The “relief package” is another step by the coalition to militarize the whole of society and subordinate it to its war policy. After systematically provoking Putin’s reactionary invasion of Ukraine, it now wants to use this to inflict a military defeat on Russia and bring the country, with its vast mineral resources, under its own control.

The German government wants to become “independent of Russian gas,” as Chancellor Scholz put it when announcing the package, in order to be able to push this confrontation further. The price explosion is convenient because it forces the population to save energy and thus guarantees supplies for industry.

The ruthlessness and contempt for democratic rights with which the government is proceeding in this regard was made clear by Green foreign minister Annalena Baerbock at a conference in Prague last Wednesday. Speaking there about price increases and the upcoming winter, she declared she would continue the confrontation with Russia, “no matter what my German voters think.” Even before that she pledged support for the Ukrainian government until Crimea was also under its control, that is, until Russia was defeated militarily.

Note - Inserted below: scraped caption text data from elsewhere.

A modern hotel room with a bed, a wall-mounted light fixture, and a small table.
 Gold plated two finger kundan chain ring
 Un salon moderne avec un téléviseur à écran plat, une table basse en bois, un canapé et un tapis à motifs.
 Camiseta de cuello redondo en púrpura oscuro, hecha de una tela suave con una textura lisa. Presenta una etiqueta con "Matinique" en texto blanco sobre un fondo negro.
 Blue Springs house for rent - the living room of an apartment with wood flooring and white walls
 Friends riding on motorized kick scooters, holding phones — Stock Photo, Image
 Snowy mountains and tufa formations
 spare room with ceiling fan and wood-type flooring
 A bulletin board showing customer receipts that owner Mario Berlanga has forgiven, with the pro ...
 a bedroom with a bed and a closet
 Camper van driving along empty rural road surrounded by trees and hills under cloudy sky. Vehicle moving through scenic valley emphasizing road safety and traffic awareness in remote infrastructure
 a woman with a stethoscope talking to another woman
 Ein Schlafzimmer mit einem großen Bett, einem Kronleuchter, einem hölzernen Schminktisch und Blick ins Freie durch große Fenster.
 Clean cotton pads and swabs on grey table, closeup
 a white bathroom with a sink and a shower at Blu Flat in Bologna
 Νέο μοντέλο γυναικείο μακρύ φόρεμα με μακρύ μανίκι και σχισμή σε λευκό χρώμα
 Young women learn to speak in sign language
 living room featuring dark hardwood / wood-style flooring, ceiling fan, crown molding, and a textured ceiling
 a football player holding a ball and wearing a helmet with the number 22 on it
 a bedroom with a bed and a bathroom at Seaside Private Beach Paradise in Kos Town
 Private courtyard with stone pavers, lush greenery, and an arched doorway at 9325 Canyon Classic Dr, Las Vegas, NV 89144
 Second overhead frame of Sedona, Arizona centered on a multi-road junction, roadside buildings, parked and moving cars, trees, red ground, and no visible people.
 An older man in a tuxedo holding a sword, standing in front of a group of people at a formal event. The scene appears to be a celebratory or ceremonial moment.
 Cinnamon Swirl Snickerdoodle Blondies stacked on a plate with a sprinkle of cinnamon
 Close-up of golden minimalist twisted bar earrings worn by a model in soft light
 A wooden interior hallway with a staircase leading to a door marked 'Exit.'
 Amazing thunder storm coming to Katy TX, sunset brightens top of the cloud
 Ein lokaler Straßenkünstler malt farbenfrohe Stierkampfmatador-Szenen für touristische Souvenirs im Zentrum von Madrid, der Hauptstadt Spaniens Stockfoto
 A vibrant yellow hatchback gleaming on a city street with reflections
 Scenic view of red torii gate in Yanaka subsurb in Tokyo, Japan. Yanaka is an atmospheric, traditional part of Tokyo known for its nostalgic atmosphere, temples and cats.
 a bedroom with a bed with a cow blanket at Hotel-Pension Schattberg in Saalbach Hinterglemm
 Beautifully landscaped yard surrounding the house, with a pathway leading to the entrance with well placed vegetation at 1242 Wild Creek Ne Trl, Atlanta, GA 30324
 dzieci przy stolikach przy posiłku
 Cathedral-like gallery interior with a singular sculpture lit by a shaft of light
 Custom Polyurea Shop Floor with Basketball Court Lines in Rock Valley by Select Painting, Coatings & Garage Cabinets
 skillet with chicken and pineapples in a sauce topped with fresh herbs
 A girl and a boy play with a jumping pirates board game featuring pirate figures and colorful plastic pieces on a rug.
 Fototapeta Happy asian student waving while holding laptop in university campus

But it is not only the costs of this war and the insane costs of rearmament that are being passed on to the population. War abroad also serves the ruling class for a war at home. Like the coronavirus pandemic, it is using the Ukraine war to carry out a fabulous orgy of enrichment at the top of society. The government’s “relief package” further accelerates this process, relying on close cooperation with corporations and unions.

To beat back these attacks and defend their wages, workers must organize independently of the unions and the pro-capitalist parties in independent rank-and-file action committees united in the International Workers Alliance of Rank-and-File Committees (IWA-RFC). They must link the struggle against inflation and the theft of their wages with the struggle against war and its root, capitalism. The Sozialistische Gleichheitspartei (Socialist Equality Party) and its sister parties of the Fourth International around the world stand for this perspective.